__Supplied data__.
※

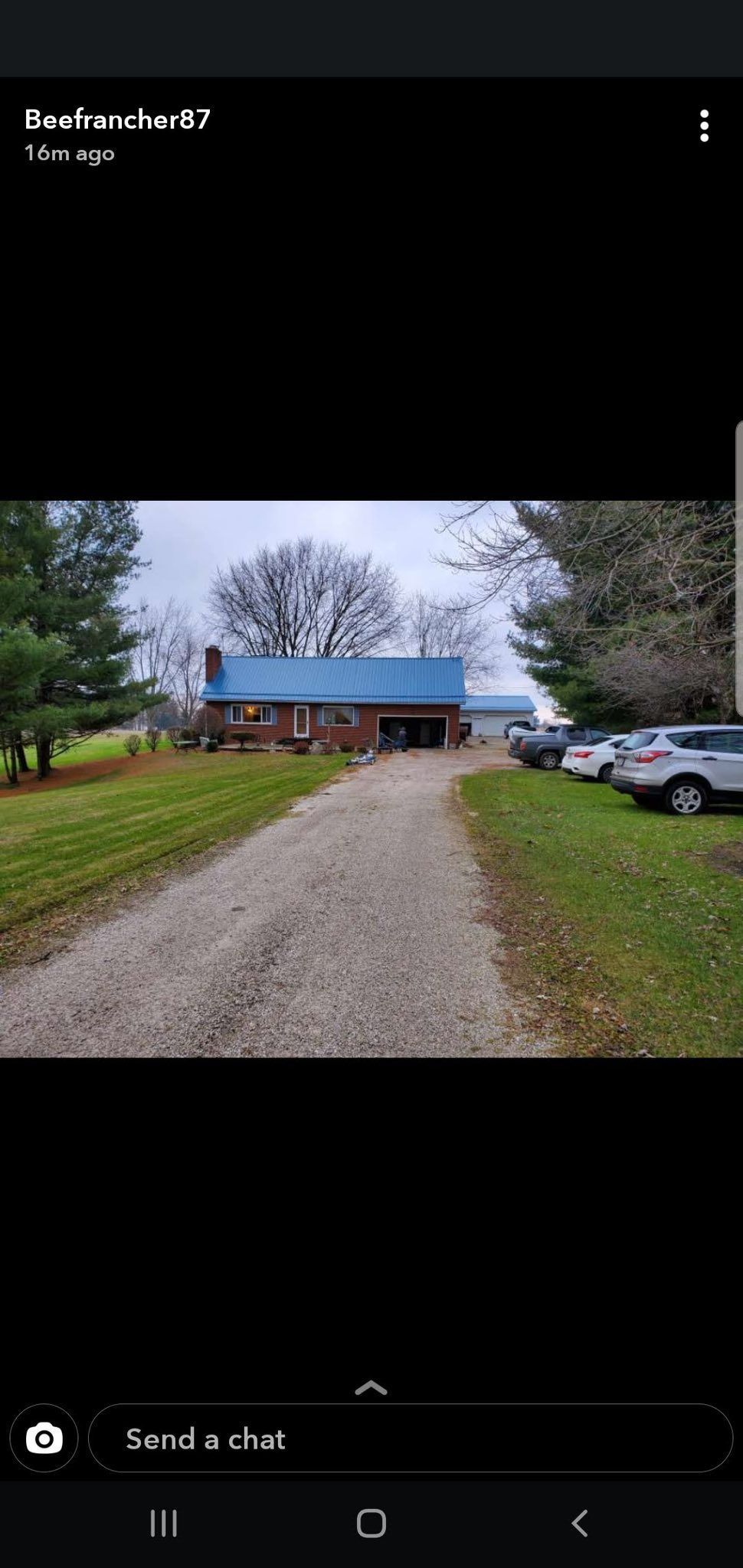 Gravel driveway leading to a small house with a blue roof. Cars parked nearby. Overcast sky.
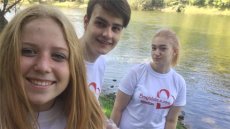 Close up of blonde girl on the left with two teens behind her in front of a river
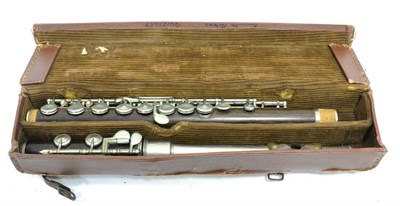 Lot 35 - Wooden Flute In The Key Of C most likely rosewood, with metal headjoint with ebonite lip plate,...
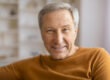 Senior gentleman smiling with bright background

※

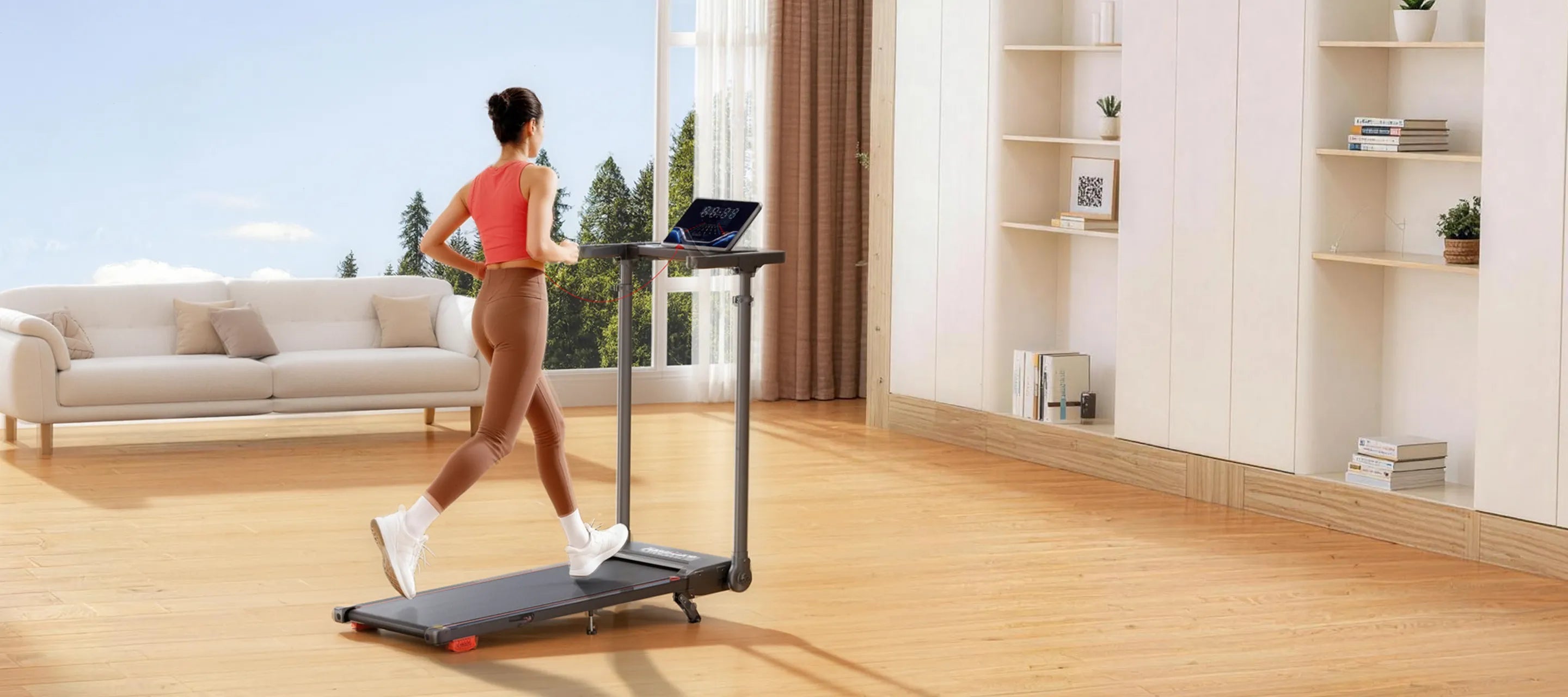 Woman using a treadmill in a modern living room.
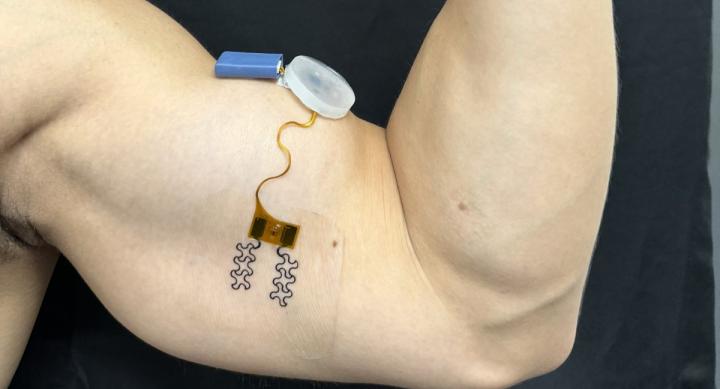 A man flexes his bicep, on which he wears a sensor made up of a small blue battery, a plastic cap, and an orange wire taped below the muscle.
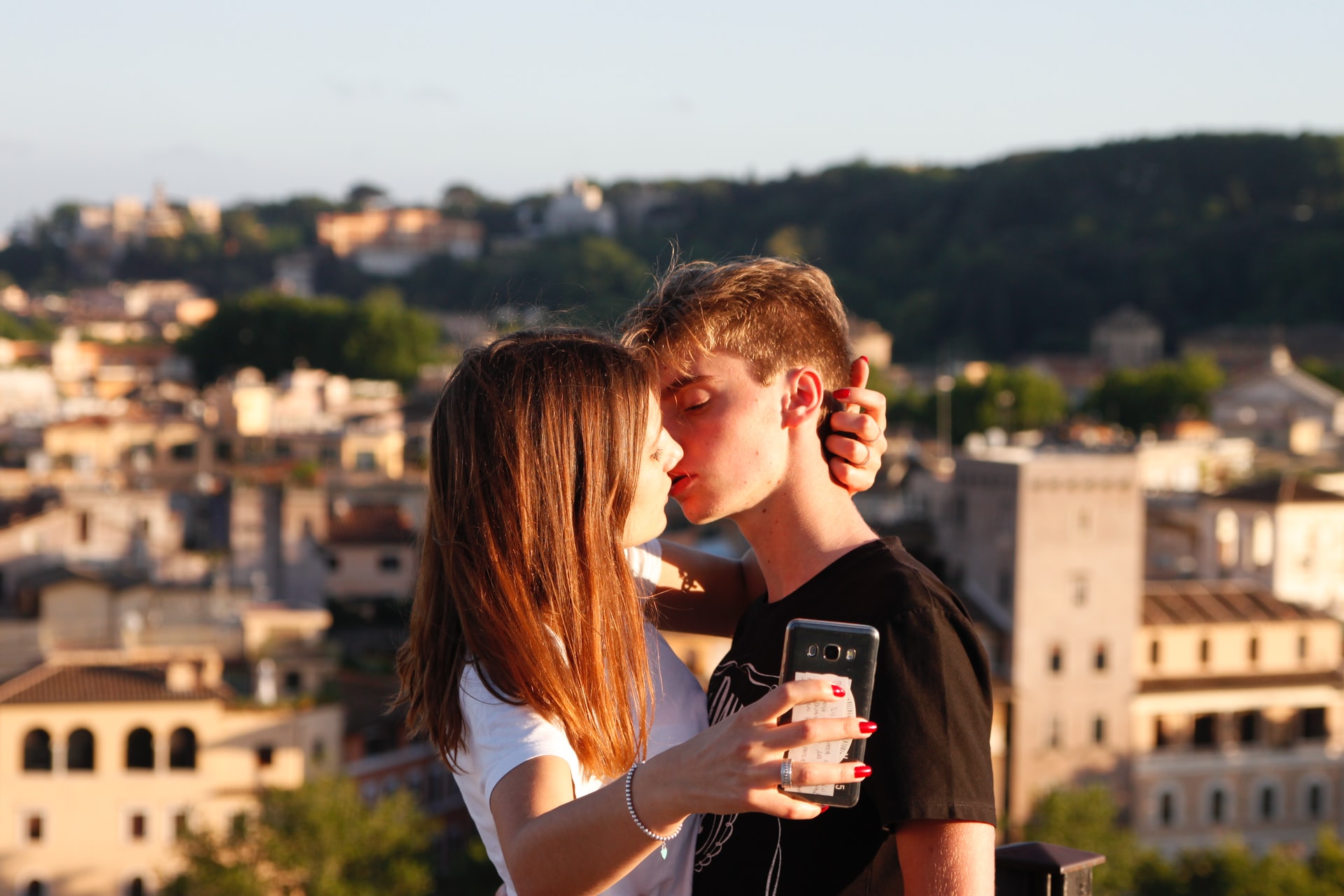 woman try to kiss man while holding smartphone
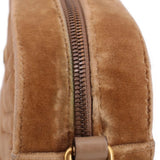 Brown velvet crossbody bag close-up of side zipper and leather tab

※

__Task directions__. Retype only the lines above from the one with "Gravel driveway leading" through the one with "Senior gentleman smiling", exactly and with both ends. Images stay out.

__Written response__.
 Gravel driveway leading to a small house with a blue roof. Cars parked nearby. Overcast sky.
 Close up of blonde girl on the left with two teens behind her in front of a river
 Lot 35 - Wooden Flute In The Key Of C most likely rosewood, with metal headjoint with ebonite lip plate,...
 Senior gentleman smiling with bright background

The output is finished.